Share your dilemmas and get honest opinions from other Mumsnetters.

Is this bad or am I the problem

278 replies

GraceInBloom · 09/04/2026 00:44

I’d really appreciate some objective advice because I feel upset, confused and am questioning my sanity.

I’ve been working in a senior role at a growing company for several years.
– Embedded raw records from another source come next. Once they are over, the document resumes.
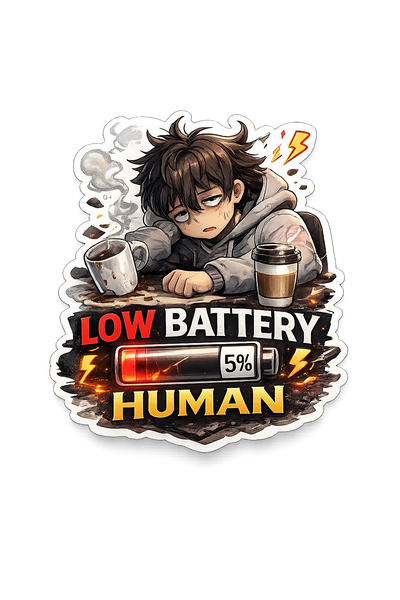 "Low Battery Human" Sticker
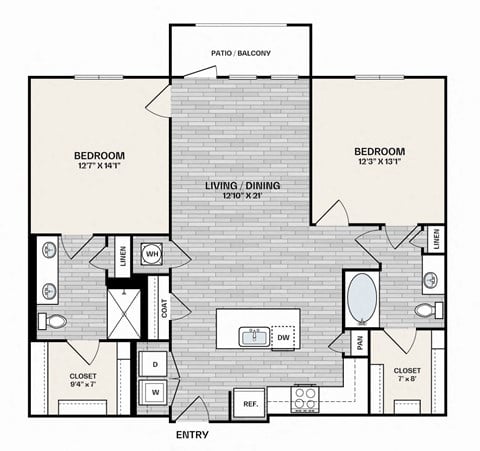 Floor plan for 2 beds, 2 baths, 1184 sqft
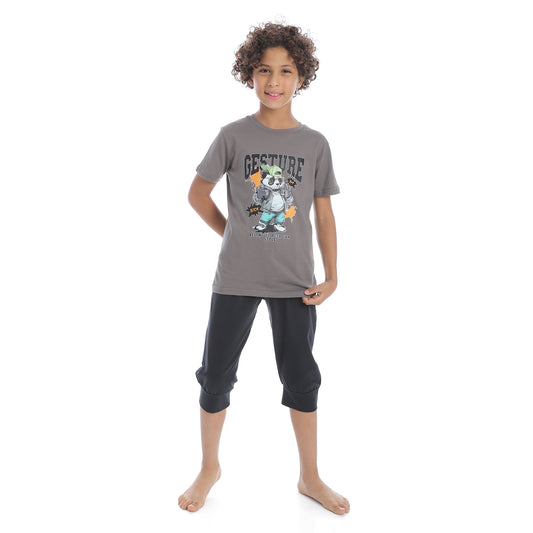 Boys cotton t-shirt with short sleeves and Premuda- بيجامه قطن أولادي 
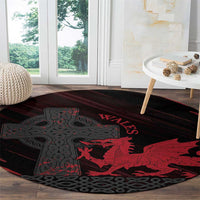 Wales Round Carpet Celtic Cross Welsh Red Dragon - Wonder Print Shop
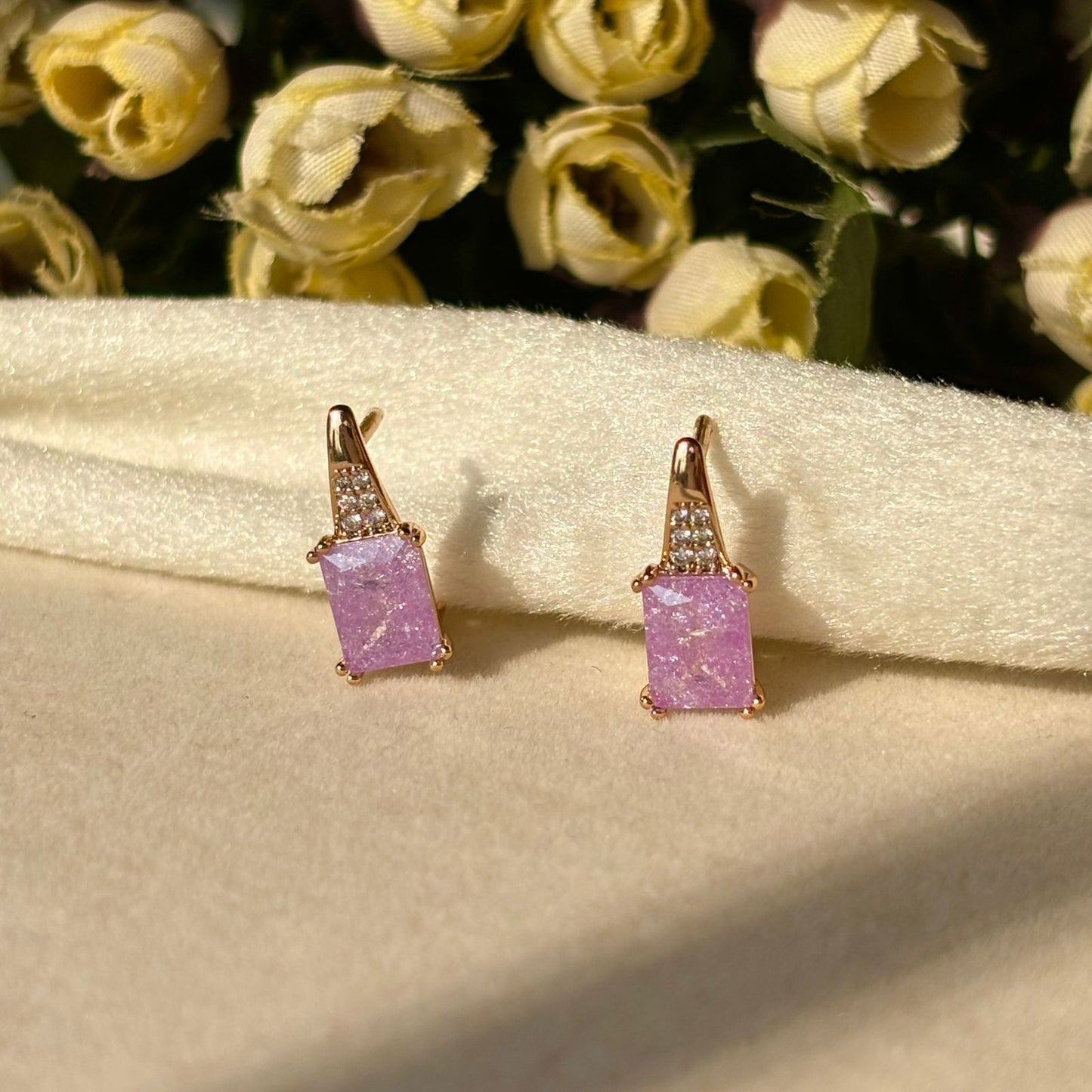 Lilac Purple Solitaire Bali Earrings - Gold Plated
I pretty much built the department from scratch and as it was a scaling startup, I’ve worked extremely long hours to get it to where it is.

A few weeks ago, my boss hired in someone new in a parallel role that's equally senior but unrelated to my department. Let's call her Susan. Susan happens to be the bosses closest friend.

Susan immediately swept in and started acting like she ran the place. She was described by colleagues as "intimidating" and "patronising" and upset a couple of other senior staff by overstepping her role.

Then she began involving herself in my area. This started initially by her correcting my work without being asked or invited and where it had nothing to do with her. I set a boundary, politely, and she apologised but then continued to escalate this type of behavior.

Suggesting changes, directing junior members of my team, organising meetings around work I’m responsible for, and generally behaving as though they were the boss of my department rather than me. It was so pronounced that it started to cause disruption and junior staff asked why she was involved.

I raised concerns about this and was told it would be addressed as the boss said he agreed it was not acceptable. He reiterated I was the boss of my department and said he'd ensure I didn't have to work directly with her.

To my shock, shortly after the boss created a "leadership team" which includes Susan in which ONLY my departments work is discussed. As in, they use this group to challenge my work, but not hers or anyone else's.

From there she began challenging everything I do, down to minute execution turning almost every decision into a debate.

For example saying I should do something differently and when I disagreed saying "chatGPT agrees with my view" and the boss did nothing and even actively encouraged her.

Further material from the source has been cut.